First, this study determined the respective contributions of faradaic reactions and EDL formation to charge storage in hybrid pseudocapacitors. It demonstrated the existence of two regimes for hybrid pseudocapacitors. First, a faradaic regime dominated by redox reaction and limited by the diffusion of Li in the pseudocapacitive electrode. Second, a capacitive regime dominated by the formation and dissolution of the EDL. A b-value of unity was shown to be associated with both regimes. The dip in b-value often observed experimentally was attributed to the transition between the two regimes.
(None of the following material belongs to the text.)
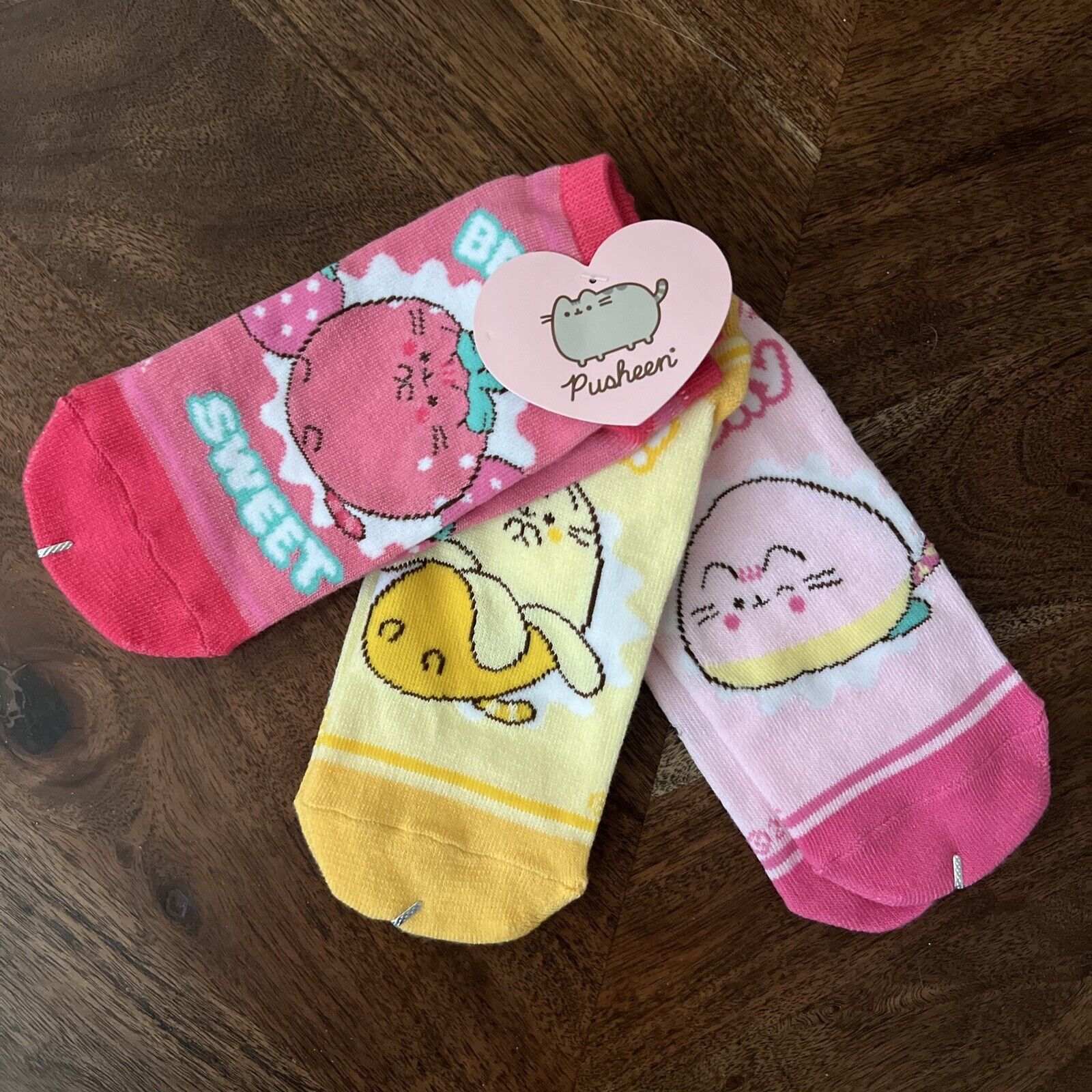 Pusheen Fruits Socks 3 Pack Exclusive Spring 2024 Banana Peach and Berry Shortie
Second, this study presented an extensive parametric study for the design of the pseudocapacitive electrode in a hybrid pseudocapacitor. Increasing the fraction of the potential window dominated by faradaic current was found to increase the performance of the device. Indeed, the faradaic reactions resulted in a significantly larger current magnitude than the EDL charge storage. The effect of the electrode thickness and Li diffusion coefficient on this fraction were investigated for different scan rates. To study the interplay between these parameters, a scaling analysis was performed to identify the relevant dimensionless similarity parameters governing Li transport and intercalation in the pseudocapacitive electrode. A dimensionless parameters was derived accounting for the respective contributions of the thickness, diffusion coefficient and scan rate. Furthermore, above a critical value, the device was found to operate under a diffusion-independent regime.
Finally, this study presented a model for simulating individual pseudocapacitive electrodes in three-electrode experiments. Notably, this model accounted for the variation of the redox reaction equilibrium potential with the oxidation state of the electrode. It was found to agree qualitatively with experimental measurements well and was used to provide physical interpretation to experimental measurements for Nb2O5 electrodes.
These models and results could help in the design of pseudocapacitive electrodes to achieve maximum energy and power density.